■ EXTRACTED RECORDS ■
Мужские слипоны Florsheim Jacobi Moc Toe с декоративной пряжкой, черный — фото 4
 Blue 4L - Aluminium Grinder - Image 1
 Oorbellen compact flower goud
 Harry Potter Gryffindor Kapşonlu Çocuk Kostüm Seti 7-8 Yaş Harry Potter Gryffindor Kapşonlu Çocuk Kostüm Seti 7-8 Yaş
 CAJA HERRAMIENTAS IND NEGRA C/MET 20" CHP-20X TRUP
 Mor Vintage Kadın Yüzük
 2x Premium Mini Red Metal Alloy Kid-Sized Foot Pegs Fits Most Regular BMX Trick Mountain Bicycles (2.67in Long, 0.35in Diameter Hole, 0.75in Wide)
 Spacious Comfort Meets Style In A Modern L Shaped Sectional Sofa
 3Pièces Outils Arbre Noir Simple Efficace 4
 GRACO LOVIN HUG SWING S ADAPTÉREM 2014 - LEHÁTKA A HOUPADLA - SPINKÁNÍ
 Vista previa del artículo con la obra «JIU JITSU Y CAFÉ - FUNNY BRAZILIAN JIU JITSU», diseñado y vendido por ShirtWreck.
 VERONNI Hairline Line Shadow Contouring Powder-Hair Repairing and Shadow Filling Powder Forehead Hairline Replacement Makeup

■ YOUR TASK ■
Exactly as they appear, print the lines from the one holding "Blue 4L - Aluminium Grinder - Image 1" through the final line of the entries, and no others.

■ RESPONSE BELOW ■
 Blue 4L - Aluminium Grinder - Image 1
 Oorbellen compact flower goud
 Harry Potter Gryffindor Kapşonlu Çocuk Kostüm Seti 7-8 Yaş Harry Potter Gryffindor Kapşonlu Çocuk Kostüm Seti 7-8 Yaş
 CAJA HERRAMIENTAS IND NEGRA C/MET 20" CHP-20X TRUP
 Mor Vintage Kadın Yüzük
 2x Premium Mini Red Metal Alloy Kid-Sized Foot Pegs Fits Most Regular BMX Trick Mountain Bicycles (2.67in Long, 0.35in Diameter Hole, 0.75in Wide)
 Spacious Comfort Meets Style In A Modern L Shaped Sectional Sofa
 3Pièces Outils Arbre Noir Simple Efficace 4
 GRACO LOVIN HUG SWING S ADAPTÉREM 2014 - LEHÁTKA A HOUPADLA - SPINKÁNÍ
 Vista previa del artículo con la obra «JIU JITSU Y CAFÉ - FUNNY BRAZILIAN JIU JITSU», diseñado y vendido por ShirtWreck.
 VERONNI Hairline Line Shadow Contouring Powder-Hair Repairing and Shadow Filling Powder Forehead Hairline Replacement Makeup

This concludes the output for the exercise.